An Open Letter to the Religious from One Who Is Not: George A. Ricker

By George A. Ricker

OK . . . here’s the deal.

I’m an atheist. I have no belief in gods, not any gods.

I have no belief in the god of any religion, or the god of nature, or a god who is said to be the “ineffable essence of an otherwise inexpressible reality.” I have no belief in gods, and I follow no religion.

What I do think about reality, about the universe and the nature of things, is a complex mixture of ideas and opinions. I would be happy to discuss them with you sometime if you like, but I don’t intend to burden you with any of that now.

Suffice it to say I am an atheist for reasons that seem good to me.

However, if you are religious, my nonbelief is no threat to you.

I have no interest in interfering with your right to exercise your religion in the manner you see fit. I support your right to worship whatever god you worship, however you choose to worship it.
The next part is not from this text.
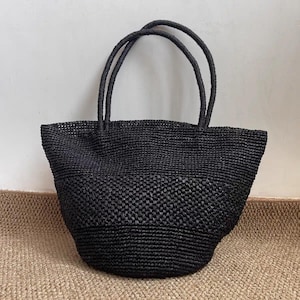 May include: A black woven tote bag with two rounded handles. The bag has a structured shape and a textured surface. The tote bag is made of a dark material and is suitable for carrying various items.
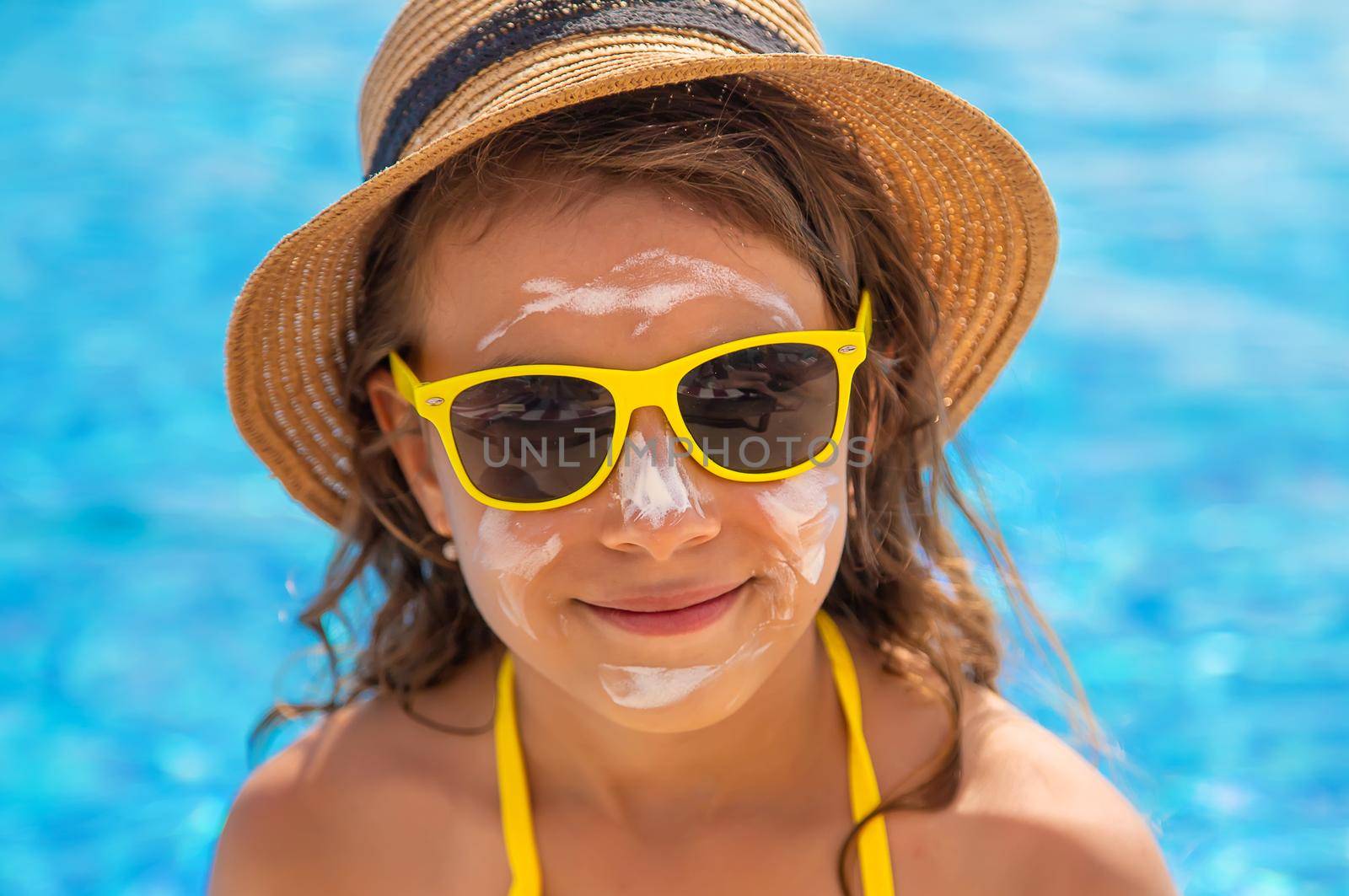 The child is putting sunscreen on her face. Selective focus. Kid.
As long as no one is harmed in the process, I hold your right to practice your religion to be inviolable.

All I ask is that you help me keep it out of our government. Stop expecting our government to support your religion. Stop asking our government to show special consideration for your religion or to give our tax dollars to your religion. Stop expecting our government to endorse your religion.

The reasons for that should be obvious. Government is a secular institution. It has no right to interfere with anyone’s decision to practice or not to practice a religion. It has no charter to promote religion or to endorse religious concepts, and it has no business making religion its business.

That applies to all religions, by the way, not just yours but everyone else’s as well. The only effective way to keep government out of religion is to keep religion separate from government.

Our government does not derive its authority from a god of any description. It gets it from the consent of the governed. That’s we, you and I, “We, the people”–regardless of our religious opinions or the lack of them.

Our government should have no religion. It should not speak on religious matters. It should not favor one religion over another or believers over nonbelievers. No one’s religious liberty is threatened in the slightest when the wall of separation between government and religion is kept high and broad and strong. But the freedom of all of us, the religious and nonreligious alike, is in peril when that wall is breached.

So let’s have an end to this nonsense about a culture war between believers and nonbelievers.

That’s not what’s going on.

The real war, the one that involves every one of us, is the war between those who want to use government to promote a particular religious viewpoint and those who want government to get out of the religion business and stay out of it.

That’s the battle we’re fighting.

I know which side I’m on. What’s your stand?

I’m an atheist.

I’m not bothered by your beliefs. Why should you feel threatened because I don’t share them?

George A. Ricker is an award-winning journalist and weekly newspaper editor, now retired, and a previous contributor to Freethought Today. Ricker is a graduate of the University of Miami (Coral Gables, Fla.) and has worked at many occupations, including a stint as an associate pastor of a church in Atlanta while he was attending a theological seminary there. He and his wife, Judy, live in Palm Bay, Fla. The Rickers are Foundation members.